My noble friend Lord Purvis of Tweed has already spelled out in great detail the potentially huge increase in power that Clause 18 could grant to a Minister of the Crown, and I believe that the noble Lord, Lord Pannick, has further explained the total lack of clarity as regards this clause.

I was reflecting on the many debates we had on this Bill last week and on the general and frankly astonishing lack of clarity from the Government as to why such sweeping powers should ever be deemed necessary—the Rumsfeld “unknown unknowns” clauses, as my noble friend has coined them. Later this week, I believe we will be hearing a Statement from the Secretary of State for Northern Ireland on progress—or, indeed, lack of progress—in bringing back the Northern Ireland Assembly and a functioning Executive, and whether there will be elections imminently in Northern Ireland to overcome this impasse.
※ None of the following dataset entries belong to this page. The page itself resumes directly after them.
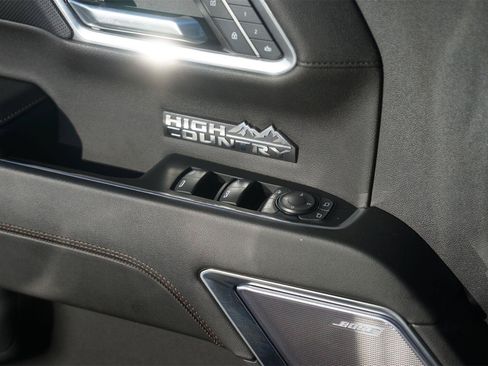 Used 2024 Chevrolet Silverado 1500 High Country w/ High Country Premium Package AWD/4WD image 31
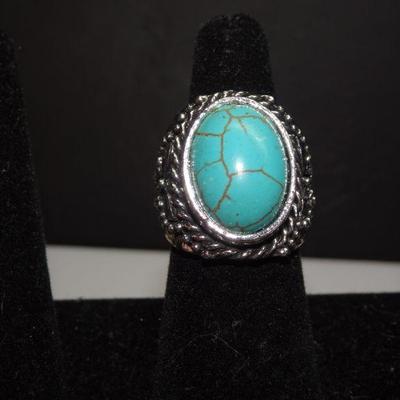 Country & Western Style Turquoise Color Ring, Silver Tone 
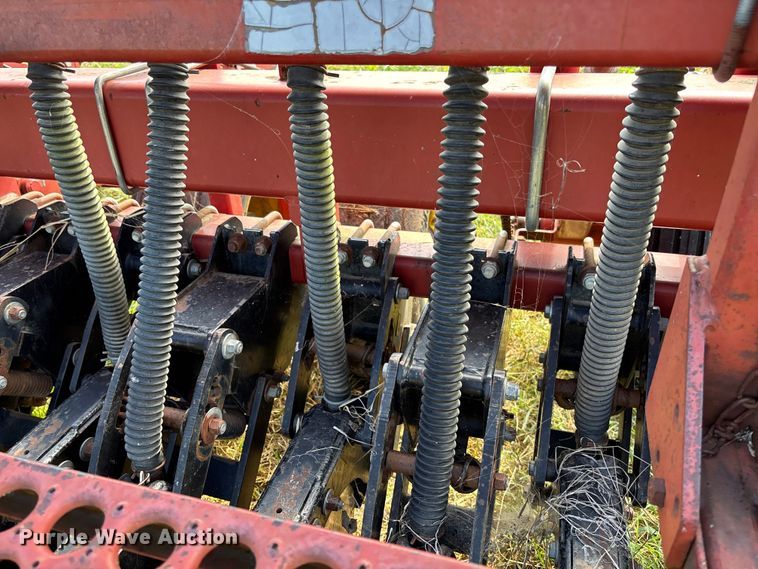 image for item EV3087 Sunflower 9411-15 grain drill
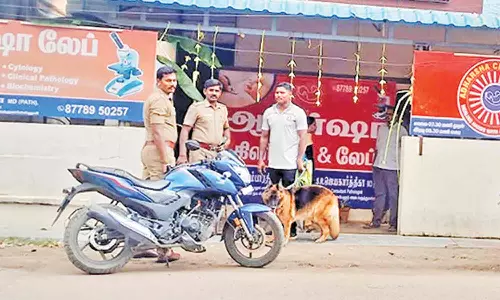 தனியார் மருத்துவமனையில் பூட்டை உடைத்து பணம், மருந்துகள் கொள்ளை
The Government and other noble Lords have stated that one of the Bill’s main purposes was to deal with the understandable concerns of the unionist community, particularly the DUP, about the impact of the Northern Ireland protocol. One can hope that the talks taking place in Brussels and at the climate summit in Egypt will lead to genuine negotiations and a potential framework for agreement. It has also been stated that one of the Bill’s purposes was to facilitate the DUP’s return to the Northern Ireland Executive, yet it remains far from clear that passing this legislation in and of itself would achieve this. It is therefore increasingly hard to understand why we are pushing ahead with this very bad Bill, which sets so many dangerous precedents, if it does not, in itself, achieve even one of its so-called “main objectives”—namely, a much-needed return to a functioning Northern Ireland Assembly and Executive.

When the noble Lord, Lord Ahmad, replies to this group of amendments, I would be very grateful if he confirmed that re-establishing the Northern Ireland Executive remains one of the Bill’s primary purposes. If it is, does he not agree that other much more productive approaches, such as genuine negotiations and a change of tone, could be taken that would achieve exactly the same goal, but more effectively?

Lord Cormack Portrait Lord Cormack (Con)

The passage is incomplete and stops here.